When data is simply labeled 4326, yes, there is a 2m possible error from
any of the frames it could properly be to WGS84(G23139)==ITRF2014,
ignoring epoch as a separate issue.  But the intrinsic error of the data
might be far larger.  If the data really is in WGS84(TRANSIT), and it is
navigation solutions not from an authorized user, there will be ~100m of
intrinsic error.

What is bad is that if the data labeled 4326 happens to actually be

  1) has a small intrinsic error
  2) is in G2139 or really any of the last few realizations

then it is important not to introduce error in the transformation
process.  There is a difference between accurately carrying the error
term and creating additional errors.

If the data actually happens to be in TRANSIT, assuming it's in G2139
and adding 2m to the error budget is going to result in that 2m being
used up in a mistransformation, rather than just having an extra 2m of
formal error without any additional actual error.  But data that is
actually in TRANSIT is exceedingly rare.  I have some, somewhere, and
it's only worth looking at to understand how Selective Availability used
to be.  I really doubt anyone can tell the difference between TRANSIT
with SA and G730 with SA.

> So I would not be in favour of interpreting EPSG:4326 as the latest
> realization.

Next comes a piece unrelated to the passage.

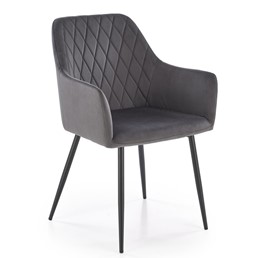 Krzesło K558 Popielaty/Czarny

I think it should continue to mean "we don't know the
> realization", and every coordinate transformation involving EPSG:4326
> should declare a 2 meters uncertainty. We need to keep the possibility
> to said "we don't know", even if we want to encourage data producers
> to be more accurate.

I didn't mean "interpret it exactly as if".  After some thought, I'd
like to restate it.

When dealing with source data in 4326:

  increase the formal error of the result by 2m, to account for the
  possibility of treating data that is actually TRANSIT as G2139

  treat the CRS as if it were the latest realization

When dealing with a target CRS of 4326

  transform to the latest realization

  don't do anything about error, because it's totally legit to treat
  G2139 data as being of the ensemble, and everyone else will add 2m of
  error when they take it out of the ensemble.

This will capture what you care about, that there is 2m of additional
uncertainty on top of the (probably unknown) intrinsic error of the
data.  And, if the data happens to be decent (not TRANSIT, not G730), it
won't mistransform it.

By mistransform, I mean the following processs getting a bad answer:

  take data in 4326

  transform to 6319, NAD83(2011) epoch 2010.0

proj comes up with a null transform because of ensemble error, but in
the reasonably likely case that the path to 4326 was careful, or the
data was in some recent realization, but it's labeled that way because
of some container format (e.g. TMS, geojson), you get an incorrect 1
meter shift in New England.

This is not theoretical.  I have data in NAD83(2011) epoch 2010.0,
gathered with dual-frequency RTK (ardusimple) that I think has 5 or 10
cm standard error.  If I view that in qgis with 15cm imagery from
MassGIS (government) in jp2 natively in NAD83 (UTM zone 19, alignment
with USGS), things line up to a pixel.  MassGIS publishes the same
imagery as TMS which is 4236/webmercator, and they have transformed
NAD83->WGS84 to a recent realization.  That imagery in qgis is
misaligned.  If I set my project CRS to 4326 it's still misaligned
because 6319->4326 is null.  But if I set my project CRS to ITRF2014,
then everything lines up because the NAD83->ITRF2014 transform is not
null.  (This is all from memory; I'm really sure of the effect and
mostly I use jp2 tiles and 6319.)

Right now, this need to say we don't know is causing real, avoidable
errors for a significant amount of data.  I'm not opposed to increasing
the formal error - that doesn't hurt.